Article 6(1) of UAE Cabinet Decision 57 of 2018 (as amended) provides for methods of service:

  • “The notice shall be served to the addressee in any of the following methods:
    a- Voice or video recorded calls, SMS, smart applications, e-mail or fax, or any other means of modern technology or any other means mentioned in this Regulation and agreed upon by the parties.
    b- In person wherever found, at his domicile or place of residence or to his agent. In case of failure to serve the notice for any reason related to the addressee or because the latter refused to receive such notice, then this shall be considered as the notice is served to him in person. If the process server does not find the addressee at his domicile, he shall deliver the notice thereof to any of the persons living with the addressee, including spouses, relatives, in-laws or shall deliver the notice thereof to any of the persons living with the addressee, including spouses, relatives, in-laws or servants. In the event that the aforementioned persons refuse to receive the notice or to be informed thereof or in case of not finding anyone who may be informed or have the right to receive the notice or in case the place of residence is closed, then the notice shall be prominently placed on the external door of his place of residence or shall be listed on the electronic website of the Court.
    c- At his elected domicile.
    d- At his workplace.

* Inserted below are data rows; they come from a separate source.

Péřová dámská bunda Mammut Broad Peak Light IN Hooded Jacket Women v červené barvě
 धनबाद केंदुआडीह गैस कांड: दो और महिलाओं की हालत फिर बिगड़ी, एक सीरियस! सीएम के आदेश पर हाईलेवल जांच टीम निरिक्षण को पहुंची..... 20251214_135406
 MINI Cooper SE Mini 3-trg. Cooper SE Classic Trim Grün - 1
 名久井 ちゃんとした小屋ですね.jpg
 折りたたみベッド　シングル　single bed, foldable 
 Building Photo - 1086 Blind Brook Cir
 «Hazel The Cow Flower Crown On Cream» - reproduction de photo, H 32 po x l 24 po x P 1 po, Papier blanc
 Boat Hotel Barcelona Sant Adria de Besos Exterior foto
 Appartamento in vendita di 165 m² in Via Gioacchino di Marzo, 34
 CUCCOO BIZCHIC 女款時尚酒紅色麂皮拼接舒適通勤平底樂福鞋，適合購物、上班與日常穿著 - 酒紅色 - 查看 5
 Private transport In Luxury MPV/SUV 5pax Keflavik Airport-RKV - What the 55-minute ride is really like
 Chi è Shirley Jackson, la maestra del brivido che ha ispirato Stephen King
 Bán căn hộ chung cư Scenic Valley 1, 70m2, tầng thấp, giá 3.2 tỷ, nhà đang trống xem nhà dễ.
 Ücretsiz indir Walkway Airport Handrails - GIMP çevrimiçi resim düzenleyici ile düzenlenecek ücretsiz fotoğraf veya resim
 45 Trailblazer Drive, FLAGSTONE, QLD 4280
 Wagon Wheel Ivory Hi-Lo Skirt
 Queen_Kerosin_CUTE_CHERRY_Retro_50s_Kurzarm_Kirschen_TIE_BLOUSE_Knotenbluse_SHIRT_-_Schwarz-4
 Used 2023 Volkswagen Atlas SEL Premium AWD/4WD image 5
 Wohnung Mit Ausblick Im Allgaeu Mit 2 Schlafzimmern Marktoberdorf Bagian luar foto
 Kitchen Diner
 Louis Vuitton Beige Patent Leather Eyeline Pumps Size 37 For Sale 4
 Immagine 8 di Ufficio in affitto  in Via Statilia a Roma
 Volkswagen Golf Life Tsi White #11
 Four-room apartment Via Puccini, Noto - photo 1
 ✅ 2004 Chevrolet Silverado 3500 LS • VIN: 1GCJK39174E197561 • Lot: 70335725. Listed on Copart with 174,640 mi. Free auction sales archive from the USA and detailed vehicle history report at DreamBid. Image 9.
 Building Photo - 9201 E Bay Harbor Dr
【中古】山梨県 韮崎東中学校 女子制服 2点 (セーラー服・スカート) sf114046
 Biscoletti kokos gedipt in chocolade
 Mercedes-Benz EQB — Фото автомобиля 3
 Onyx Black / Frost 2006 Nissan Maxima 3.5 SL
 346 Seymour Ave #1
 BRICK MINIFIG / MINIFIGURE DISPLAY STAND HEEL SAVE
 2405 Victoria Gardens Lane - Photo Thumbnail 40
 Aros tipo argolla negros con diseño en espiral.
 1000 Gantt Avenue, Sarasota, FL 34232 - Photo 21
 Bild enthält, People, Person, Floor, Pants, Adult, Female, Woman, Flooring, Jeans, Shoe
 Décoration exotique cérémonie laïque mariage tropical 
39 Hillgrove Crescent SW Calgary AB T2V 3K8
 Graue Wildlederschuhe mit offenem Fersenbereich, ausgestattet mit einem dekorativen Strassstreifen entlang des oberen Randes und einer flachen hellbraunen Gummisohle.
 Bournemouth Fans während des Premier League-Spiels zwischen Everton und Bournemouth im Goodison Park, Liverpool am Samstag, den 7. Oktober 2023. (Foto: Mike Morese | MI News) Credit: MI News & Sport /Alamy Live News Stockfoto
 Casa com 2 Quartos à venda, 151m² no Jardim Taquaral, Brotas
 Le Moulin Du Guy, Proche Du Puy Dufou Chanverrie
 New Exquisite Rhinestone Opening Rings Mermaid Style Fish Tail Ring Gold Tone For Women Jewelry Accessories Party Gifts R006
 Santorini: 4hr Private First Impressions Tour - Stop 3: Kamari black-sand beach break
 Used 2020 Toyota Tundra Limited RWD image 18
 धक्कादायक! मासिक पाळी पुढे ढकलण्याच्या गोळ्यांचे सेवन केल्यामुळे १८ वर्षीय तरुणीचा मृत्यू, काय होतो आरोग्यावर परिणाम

In case the Process Server does not find the addressee at his workplace, he shall deliver the notice to the employer or to any manager or responsible or an employee as deemed appropriate.”

Alternate Means

Serving by usual means within the UAE, as described above, can however take a considerable length of time, and in certain circumstances may be difficult to effect.

If it is proving particularly difficult to effect service by ordinary means, a possible alternative is via an application under CPR r.6.15(1), for ‘Service of the claim form by an alternative method or at an alternative place’.

Such alternative means are wide, and could include service on a related company or similar, even if they are still located in the UAE. The variety of different possible alternative methods/places, and when applications for permission for alternative service are likely to be granted, is beyond the scope of this article.

Whilst it is likely that service through the Treaty should be pursued in the first instance before an application for alternative service would be accepted, this route is of prospective assistance if service through usual means proves difficult.

However, it should be noted that if service is not provided via usual means, the UAE courts are not likely to consider there to have been effective service. As confirmed by a circular sent to law firms within the UAE in late 2010, a warning was issued stating that it was forbidden for law firms to receive judicial notices or documents sent from outside the UAE or deliver them to UAE nationals or residents, underlining that any foreign judicial notices were required to be sent through diplomatic channels/via the MOJ.

With this in mind, the UK Supreme Court case of Abela & Ors v Baadarani [2013] UKSC 44 is noted.

In this matter, it was determined that the question, was whether the alternative service would be good service under English law, not whether alternative service would be good service under the local law. Abela concerned service of a party in Lebanon, and the court accepted that the alternative service proposed would not be good service under Lebanese law, but it was clarified that this was not the purpose of alternative service. If the alternative means had been good service under Lebanese law, the party applying would not have needed alternative service.